[Start of section]
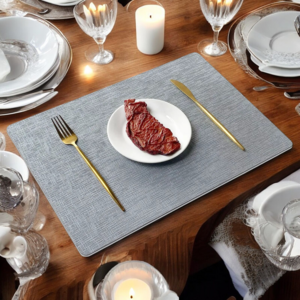 소담루밍 북유럽 가죽 방수 식탁 테이블 매트 고급스러운 식탁매트, 4개, 43 x 30 cm, 실버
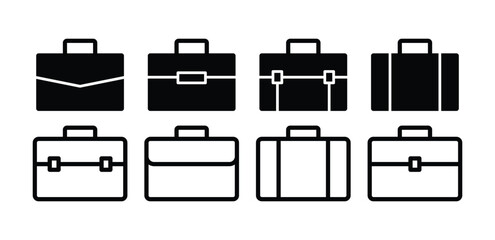 briefcase suitcase icon symbol vector design outline black white color simple flat illustration collection set isolated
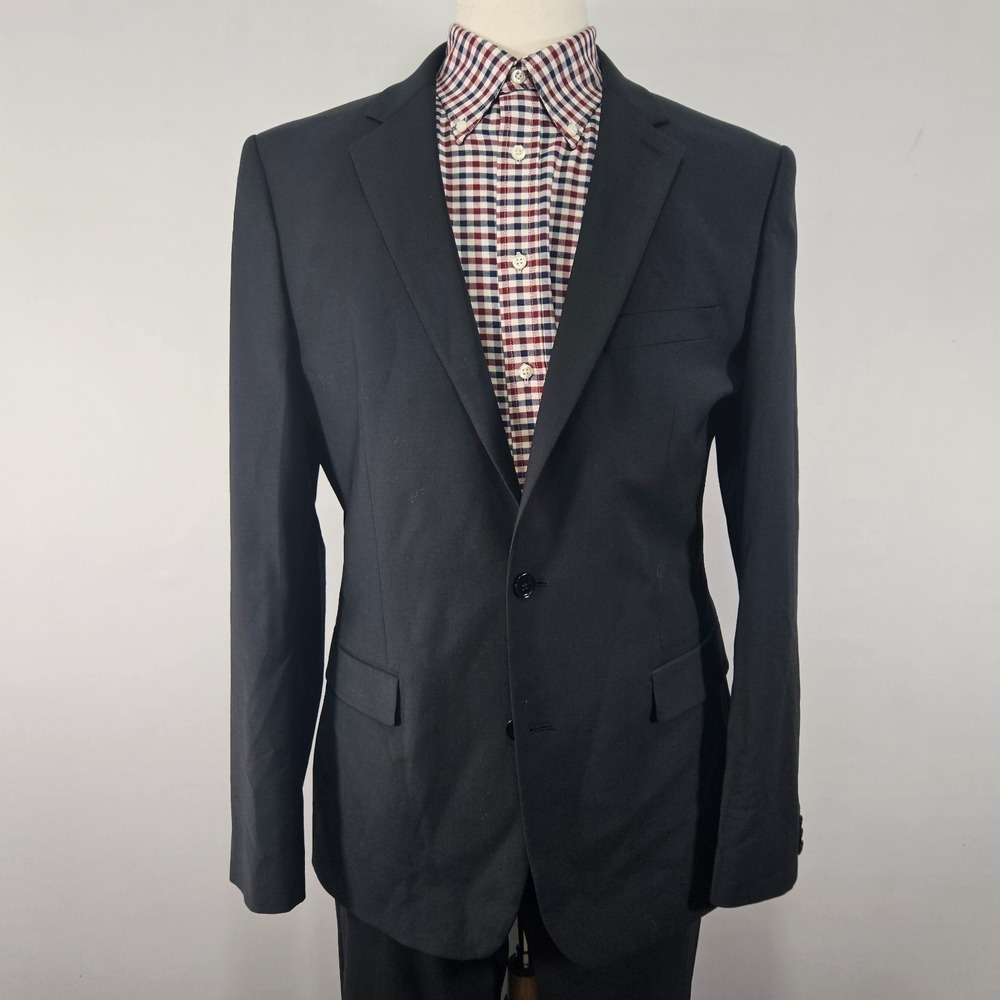 Express Men's Sport Coat Blazer Two Button Black Wool Spandex Extra Slim 44L‎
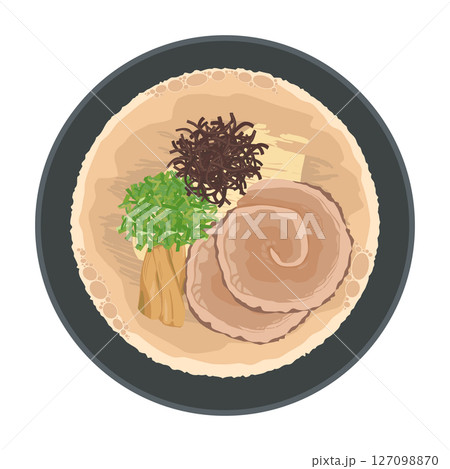 真上から見た豚骨ラーメンのイラスト 127098870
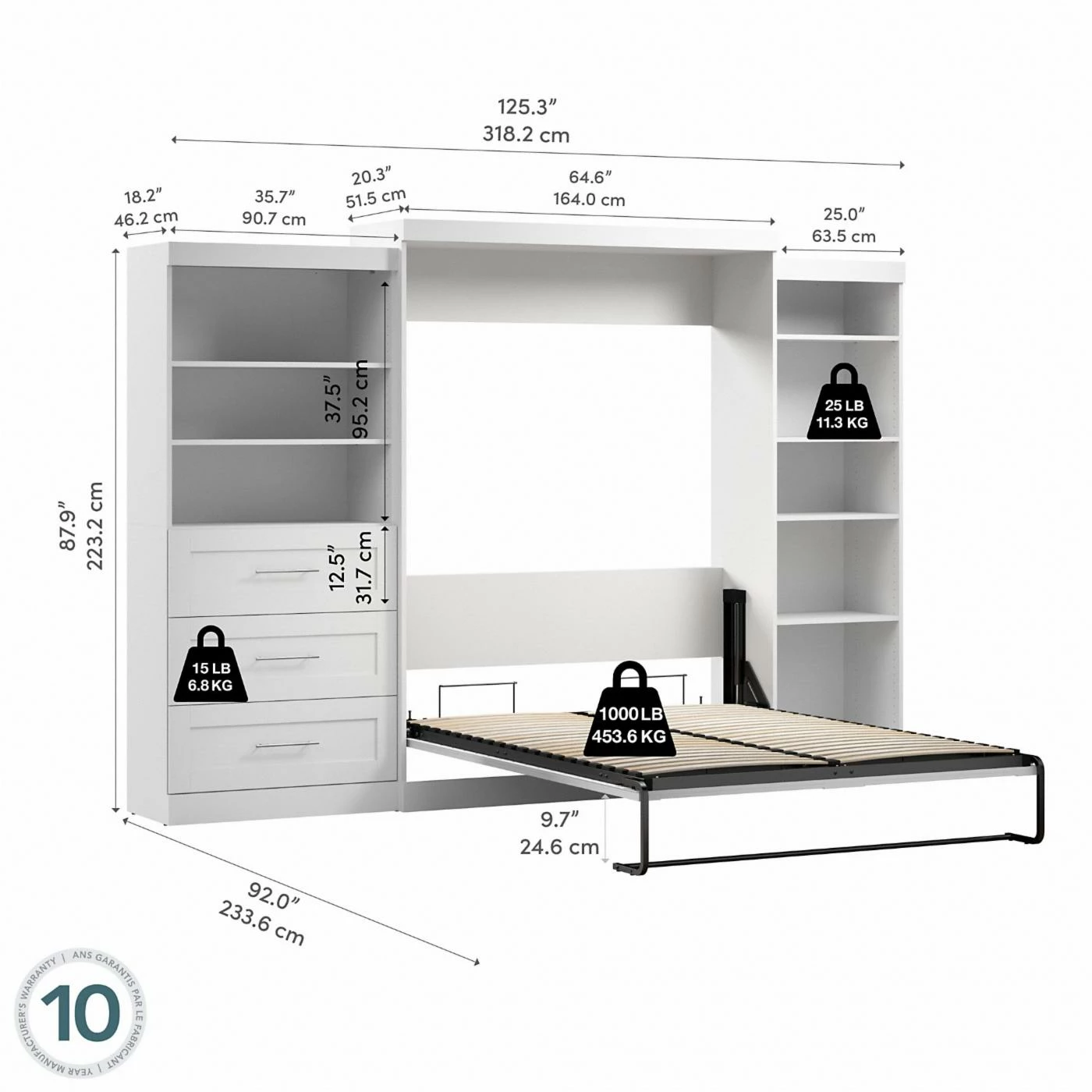 Discount π Queen Bestar Pur Murphy Wall Bed With One 5-Shelf And One 3-Drawer/Shelf Storage Unit π 12 Discount π Queen Bestar Pur Murphy Wall Bed With One 5-Shelf And One 3-Drawer/Shelf Storage Unit π - Image 10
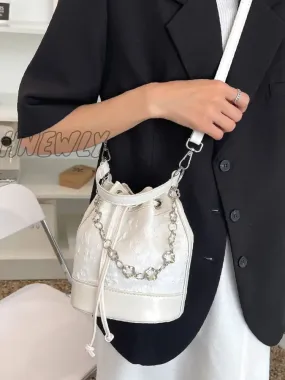 Hnewly - Minimalist Chain Decor Drawstring Bucket Bag  - Women Satchels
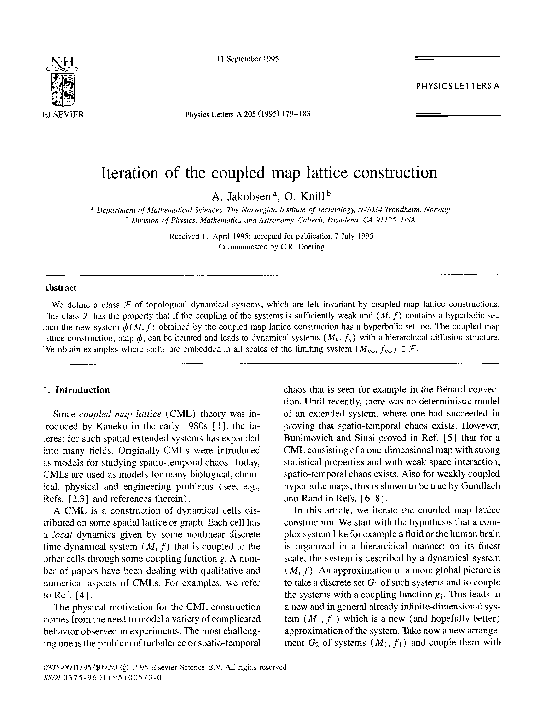  PDF Iteration Of The Coupled Map Lattice Construction Oliver Knill Academia edu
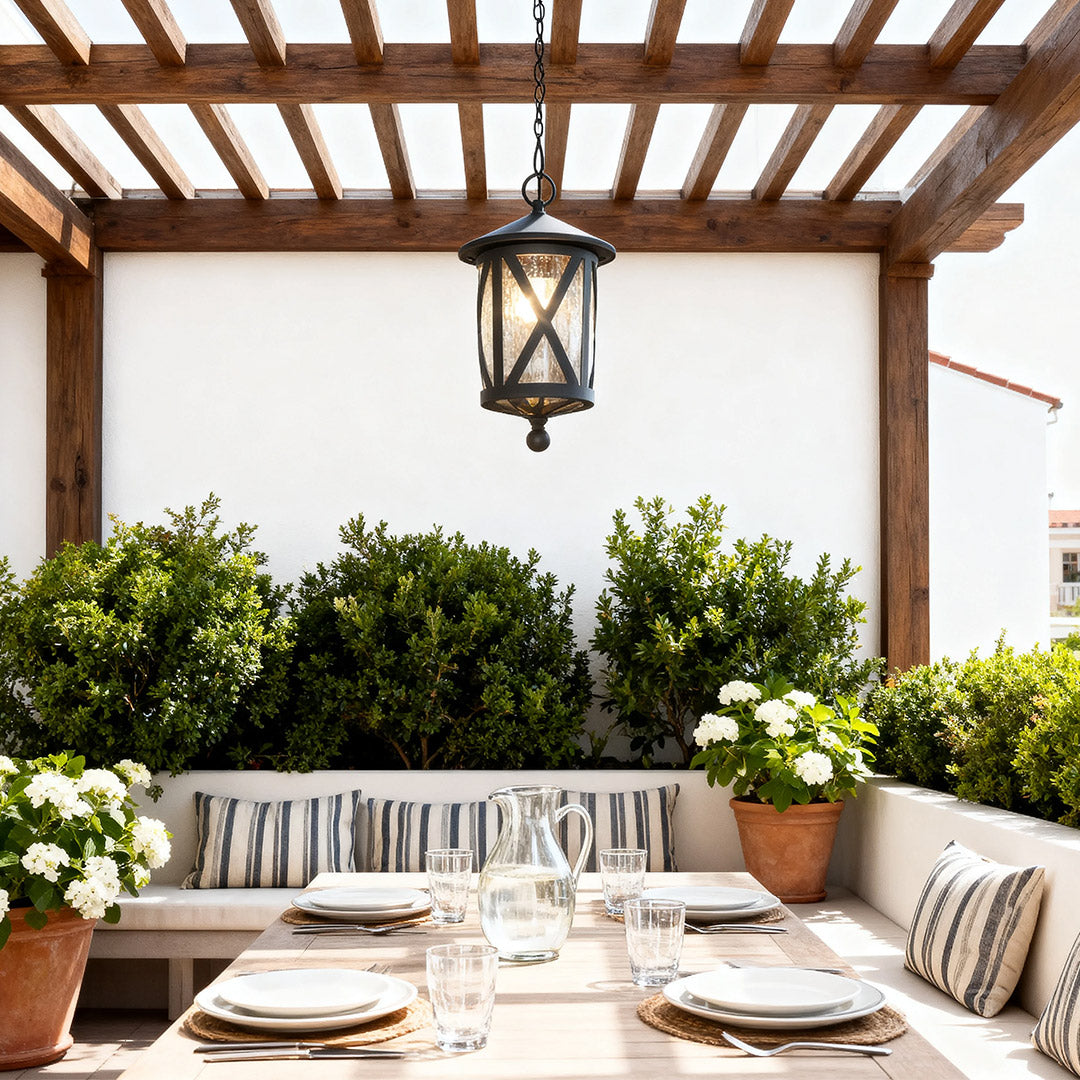 Black Outdoor Pendant Light Classic Adjustable Chain Ceiling Lights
[End of section]
What you need to do: Reproduce, word for word, the lines from the one containing "真上から見た豚骨ラーメンのイラスト 127098870" to the end of the material, both ends included. No picture is copied.

Response area:
 真上から見た豚骨ラーメンのイラスト 127098870
 Discount π Queen Bestar Pur Murphy Wall Bed With One 5-Shelf And One 3-Drawer/Shelf Storage Unit π 12 Discount π Queen Bestar Pur Murphy Wall Bed With One 5-Shelf And One 3-Drawer/Shelf Storage Unit π - Image 10
 Hnewly - Minimalist Chain Decor Drawstring Bucket Bag  - Women Satchels
  PDF Iteration Of The Coupled Map Lattice Construction Oliver Knill Academia edu
 Black Outdoor Pendant Light Classic Adjustable Chain Ceiling Lights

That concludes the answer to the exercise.